Converting CO2 Into Natural Gas Within the Autoclave: A Kinetic Study on Hydrogenation of Carbonates in Aqueous Solution

Abstract

AbstractCatalytic conversion of carbon dioxide (CO2) into value‐added chemicals is of pivotal importance, well the cost of capturing CO2 from dilute atmosphere is super challenge. One promising strategy is combining the adsorption and transformation at one step, such as applying alkali solution that could selectively reduce carbonate (CO32−) as consequences of CO2 adsorption. Due to complexity of this system, the mechanistic details on controlling the hydrogenation have not been investigated in depth. Herein, Ru/TiO2 catalyst was applied as a probe to elucidate the mechanism of CO32− activation, in which with thermodynamic and kinetic investigations, a compact Langmuir‐Hinshelwood reaction model was established which suggests that the overall rate of CO32− hydrogenation was controlled by a specific C−O bond rupture elementary step within HCOO− and the Ru surface was mainly covered by CO32− or HCOO− at independent conditions.

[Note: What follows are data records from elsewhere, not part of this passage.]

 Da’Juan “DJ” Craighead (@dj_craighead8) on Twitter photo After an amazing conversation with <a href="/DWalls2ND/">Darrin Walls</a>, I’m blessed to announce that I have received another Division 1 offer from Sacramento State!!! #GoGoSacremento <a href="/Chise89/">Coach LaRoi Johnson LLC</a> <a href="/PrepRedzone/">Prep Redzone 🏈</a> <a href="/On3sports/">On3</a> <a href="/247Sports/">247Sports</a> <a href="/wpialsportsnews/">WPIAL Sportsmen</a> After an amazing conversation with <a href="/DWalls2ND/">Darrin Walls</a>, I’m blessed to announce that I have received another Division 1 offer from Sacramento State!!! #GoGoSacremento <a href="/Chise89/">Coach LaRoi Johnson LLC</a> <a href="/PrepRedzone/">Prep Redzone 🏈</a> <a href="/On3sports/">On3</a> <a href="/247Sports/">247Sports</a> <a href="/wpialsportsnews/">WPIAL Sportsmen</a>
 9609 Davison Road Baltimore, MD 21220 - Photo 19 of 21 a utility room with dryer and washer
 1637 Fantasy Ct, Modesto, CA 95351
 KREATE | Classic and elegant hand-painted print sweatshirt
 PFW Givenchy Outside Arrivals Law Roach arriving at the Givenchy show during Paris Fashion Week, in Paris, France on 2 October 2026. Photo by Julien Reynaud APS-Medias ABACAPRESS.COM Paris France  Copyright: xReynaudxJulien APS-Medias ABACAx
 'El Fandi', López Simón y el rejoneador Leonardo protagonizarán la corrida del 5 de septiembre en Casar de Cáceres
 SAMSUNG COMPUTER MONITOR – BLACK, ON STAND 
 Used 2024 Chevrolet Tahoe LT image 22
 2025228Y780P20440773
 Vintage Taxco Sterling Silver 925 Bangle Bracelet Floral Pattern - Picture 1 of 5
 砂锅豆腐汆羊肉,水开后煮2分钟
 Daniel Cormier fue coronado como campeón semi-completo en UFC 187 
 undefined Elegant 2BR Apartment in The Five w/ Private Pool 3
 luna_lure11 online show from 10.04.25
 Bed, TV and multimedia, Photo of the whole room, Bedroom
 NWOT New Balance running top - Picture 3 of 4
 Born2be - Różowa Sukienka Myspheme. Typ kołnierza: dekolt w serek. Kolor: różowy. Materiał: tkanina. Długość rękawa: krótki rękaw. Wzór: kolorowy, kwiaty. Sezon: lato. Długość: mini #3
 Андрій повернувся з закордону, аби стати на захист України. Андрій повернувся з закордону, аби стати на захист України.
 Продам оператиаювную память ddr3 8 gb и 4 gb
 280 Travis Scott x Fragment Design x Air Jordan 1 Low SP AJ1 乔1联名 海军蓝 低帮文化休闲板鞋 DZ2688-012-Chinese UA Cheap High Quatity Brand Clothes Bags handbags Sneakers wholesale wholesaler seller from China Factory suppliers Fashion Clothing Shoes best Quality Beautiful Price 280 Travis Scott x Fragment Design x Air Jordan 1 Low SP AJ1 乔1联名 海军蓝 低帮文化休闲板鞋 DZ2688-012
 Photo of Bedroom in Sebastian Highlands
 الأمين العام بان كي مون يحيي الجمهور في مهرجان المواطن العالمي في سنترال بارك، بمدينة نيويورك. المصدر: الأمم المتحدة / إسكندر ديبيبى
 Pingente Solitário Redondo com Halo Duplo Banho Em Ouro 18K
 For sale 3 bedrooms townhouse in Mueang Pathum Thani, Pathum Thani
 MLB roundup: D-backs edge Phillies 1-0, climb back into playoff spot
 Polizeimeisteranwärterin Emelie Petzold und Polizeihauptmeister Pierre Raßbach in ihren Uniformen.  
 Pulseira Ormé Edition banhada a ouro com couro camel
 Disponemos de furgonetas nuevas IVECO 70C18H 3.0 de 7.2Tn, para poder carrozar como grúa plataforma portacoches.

This assumption was further supported by negligible kinetic isotope effects (kH/kD≈1), similarity on reaction barriers of CO32− and HCOO− hydrogenation (ΔH≠hydr,Na2CO3 and ΔH≠hydr,HCOONa) and a non‐variation of entropy (ΔS≠hydr≈0). More interestingly, the alkalinity of the solution is certainly like a two sides in a sword and could facilitate the adsorption of CO2 while hold back catalysis during CO32− hydrogenation.